Last week, Amazon won the live-streaming rights for 10 of the United States’ National Football League’s Thursday Night Football matches in the 2017 season, according to reports. Amazon reportedly paid $50 million and replaced Twitter as the digital rights holder for TNF. The e-commerce giant paid five times more than what the micro-blogging platform paid last season, reports said. Facebook and YouTube had also bid for the rights.
What Facebook, Twitter, and Amazon have shown is that you don’t need to be a traditional television broadcaster to show live sport, or any other live content for that matter, on your platform. “Around 18 parties have picked up the bid document for IPL digital rights,” said Vikram Tanwar, another co-founder of Veqta. “Traditionally, rights values go up by 100% - 200% every time and I think digital will also see the same. Five years back, digital rights never used to command any values. Digital rights were sold with broadcast rights. But, today, digital is a separate right altogether. Sooner than later, it will overtake broadcast, especially in sports, because of the advantage of live content that can be seen anytime.”
Look East
Will digital rights soon cost more than broadcast rights in India? “We absolutely see that happening,” said Mathur. “That’s going to happen so fast that it will turn the world of traditional sports broadcast upside down. You don’t even have to look too far to see that. If you see China, the value of digital sports rights is far greater now compared to traditional TV properties.”
In January 2015, the US’ National Basketball Association announced its largest international digital partnership with Chinese internet giant Tencent, worth $500 million for five years. In November that year, the Women’s Tennis Association reportedly signed a nine-figure digital rights deal for 10 years with Chinese online streaming platform iQiyi, which also has exclusive agreements in other sports such as golf, NFL, racing, equestrian, and extreme sports. In February 2016, Le Sports, a subsidiary of Chinese entertainment company Le Eco, bought the online multimedia rights for the Chinese Super League in a two-year deal worth reportedly $414 million.
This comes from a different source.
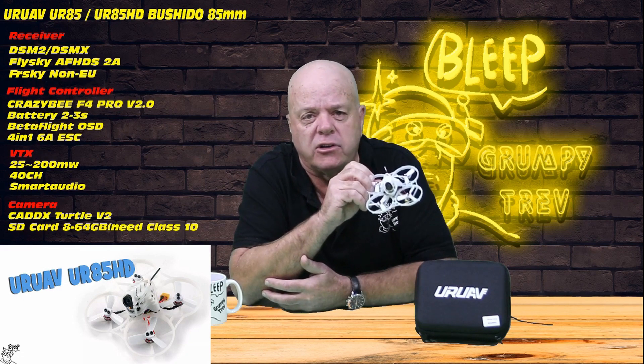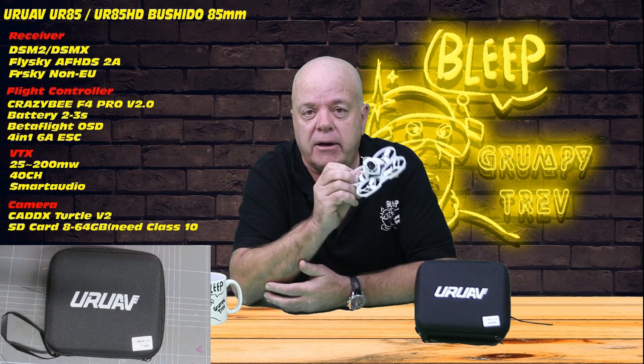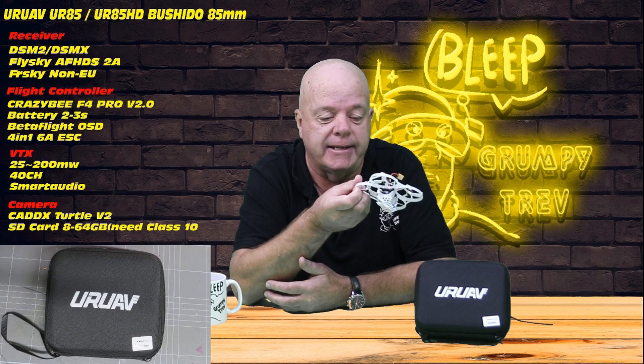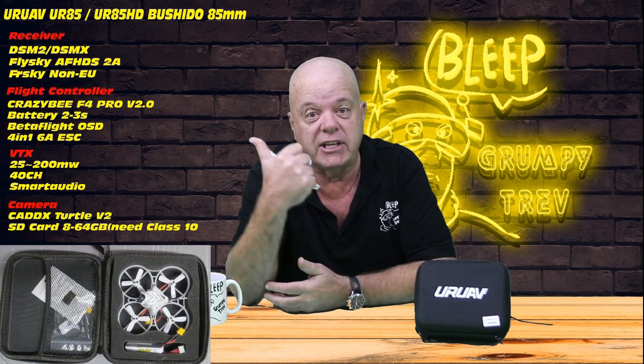I didn't get to fly outside because the weather has been absolute shit down here. But I flew in a warehouse and tried it on 2S and 3S. You're going to be surprised — let's get to it.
Mathur expects India to follow a similar path. His company Veqta recently announced a multi-year partnership with the US’ Major League Baseball. Veqta did not disclose the value of the deal, but Mathur said that with easy access to 4G internet in India, digital rights will soon become far more valuable than TV rights.
However, broadcast rights will continue to be valuable in India because the industry is still growing in the country, unlike a lot of international markets where cord cutting is already happening. “Broadcast is still in a growth stage because attrition levels are very low in India, but the growth of digital will far outpace the growth of traditional television” he said. “I think in a couple of [rights] cycles you will see that digital will become as valuable if not more valuable.”